#### MATERIAL TO PROCESS
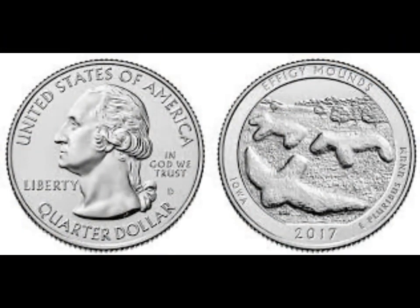Alright guys, we're taking a look at one of the 2017 Effigy Mounds United States Quarters. This is an Iowa State Quarter.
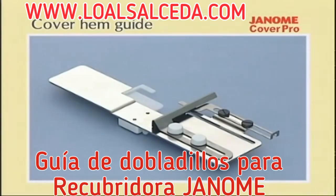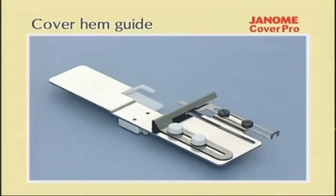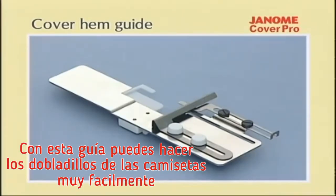The cover hem guide folds over a consistent width of fabric for you, making it easy to form hems, cuffs, and other finished edges. When sewing the hem of a tubular item such as a skirt, you can press the release button as you near the finish to release the guide and then finish the rest of the hem.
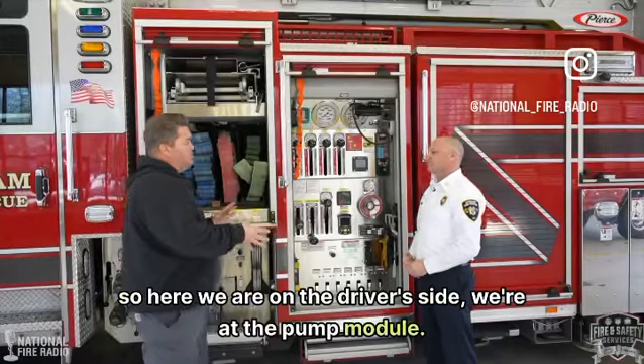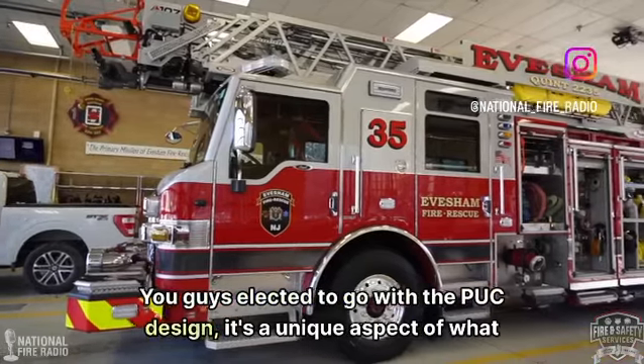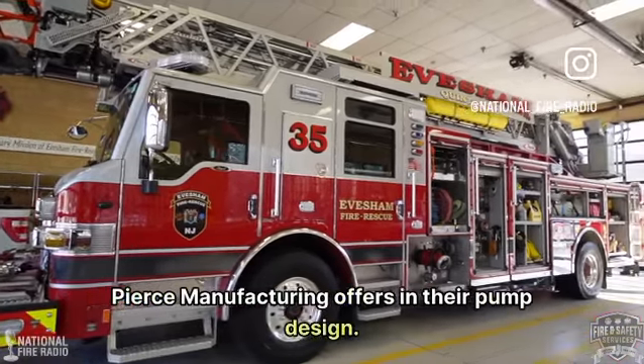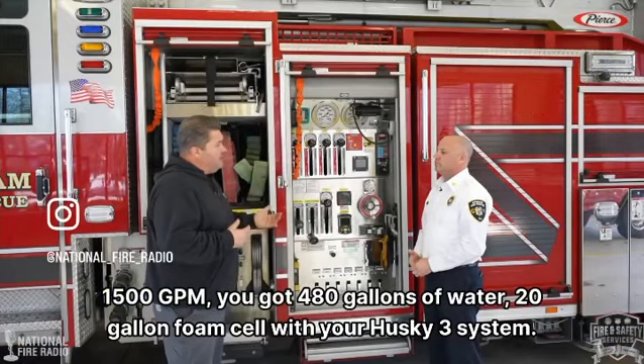Here we are on the driver's side at the pump module. You guys elected to go with the puck design — a unique aspect of what Pierce Manufacturing offers in their pump design. You've got 1500 GPM, 480 gallons of water, and a 20-gallon foam cell with your Husky 3 system.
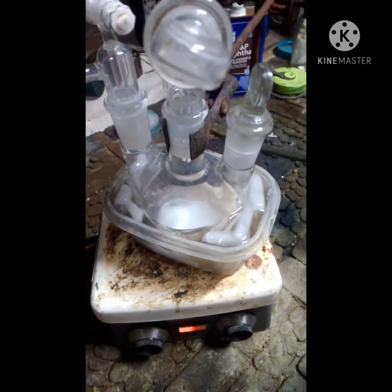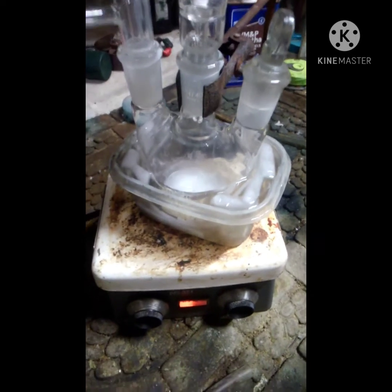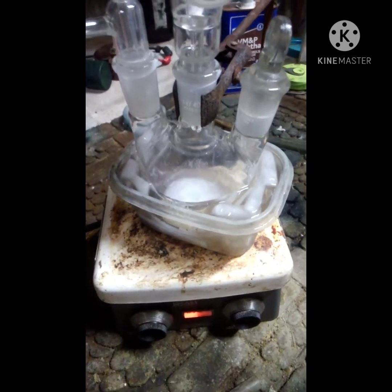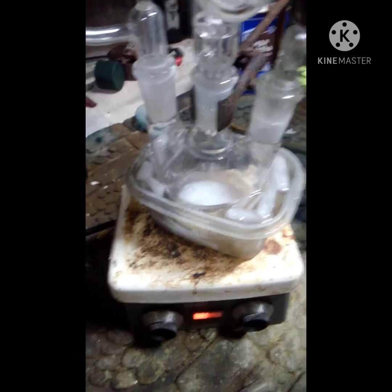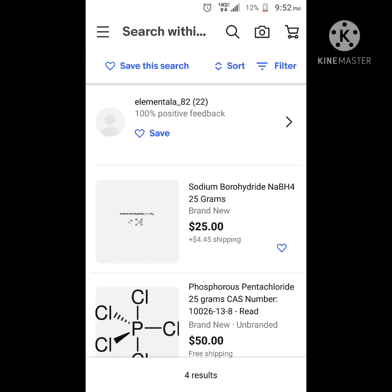This is going to drop down in there, and then I'm going to let this stir until the hydrogen stops bubbling. At that point I'll probably let it stir for a couple of extra minutes just to make sure it's all done, and then I'll be back.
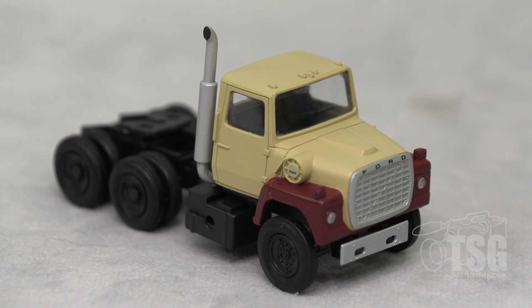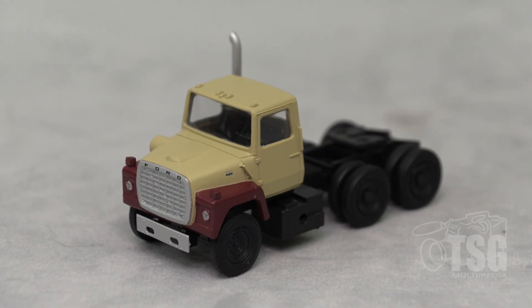Something they mention on the website and on the packaging is that this is an officially licensed Ford product. Usually what that means is that they're building these according to prototype photos and plans, so a Ford LNT 9000 tractor will look like this in real life. One curious thing I can't find anywhere on the website or on the packaging is it doesn't say what year this is. It does say that they make the trailers, but the trailer is not included with this particular product, so there are some questions the website and packaging leave unanswered.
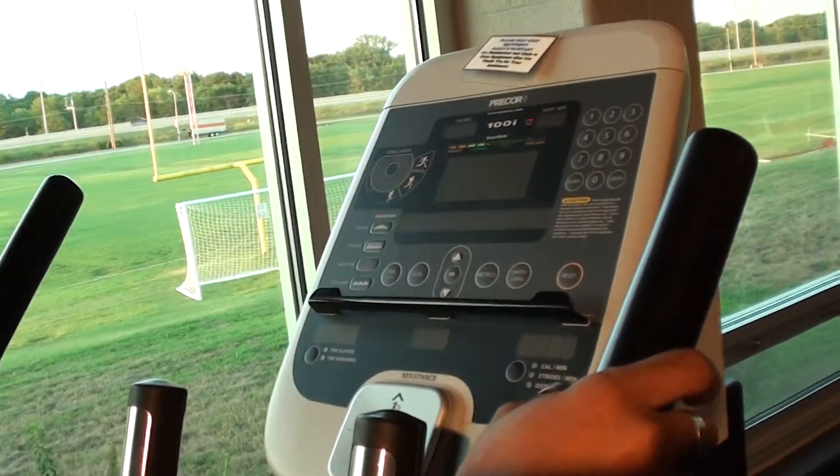This next machine is the Pre-Core Stride Machine and I'm going to show you how to use it. First thing, you just need to step on and it will turn the computer program on.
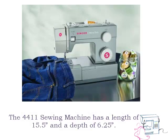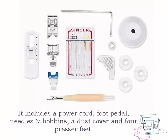The 4411 Sewing Machine has a length of 15.5 inches and a depth of 6.25 inches. It includes a power cord, foot pedal, needles and bobbins, a dust cover, and 4 presser feet.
########
> **PROBLEM DETAILS**: When you return the records, keep every word unchanged and drop the pictures.

> **OUTPUT FOR THIS EXERCISE**:
Alright guys, we're taking a look at one of the 2017 Effigy Mounds United States Quarters. This is an Iowa State Quarter.
The cover hem guide folds over a consistent width of fabric for you, making it easy to form hems, cuffs, and other finished edges. When sewing the hem of a tubular item such as a skirt, you can press the release button as you near the finish to release the guide and then finish the rest of the hem.
Here we are on the driver's side at the pump module. You guys elected to go with the puck design — a unique aspect of what Pierce Manufacturing offers in their pump design. You've got 1500 GPM, 480 gallons of water, and a 20-gallon foam cell with your Husky 3 system.
This is going to drop down in there, and then I'm going to let this stir until the hydrogen stops bubbling. At that point I'll probably let it stir for a couple of extra minutes just to make sure it's all done, and then I'll be back.
Something they mention on the website and on the packaging is that this is an officially licensed Ford product. Usually what that means is that they're building these according to prototype photos and plans, so a Ford LNT 9000 tractor will look like this in real life. One curious thing I can't find anywhere on the website or on the packaging is it doesn't say what year this is. It does say that they make the trailers, but the trailer is not included with this particular product, so there are some questions the website and packaging leave unanswered.
This next machine is the Pre-Core Stride Machine and I'm going to show you how to use it. First thing, you just need to step on and it will turn the computer program on.
The 4411 Sewing Machine has a length of 15.5 inches and a depth of 6.25 inches. It includes a power cord, foot pedal, needles and bobbins, a dust cover, and 4 presser feet.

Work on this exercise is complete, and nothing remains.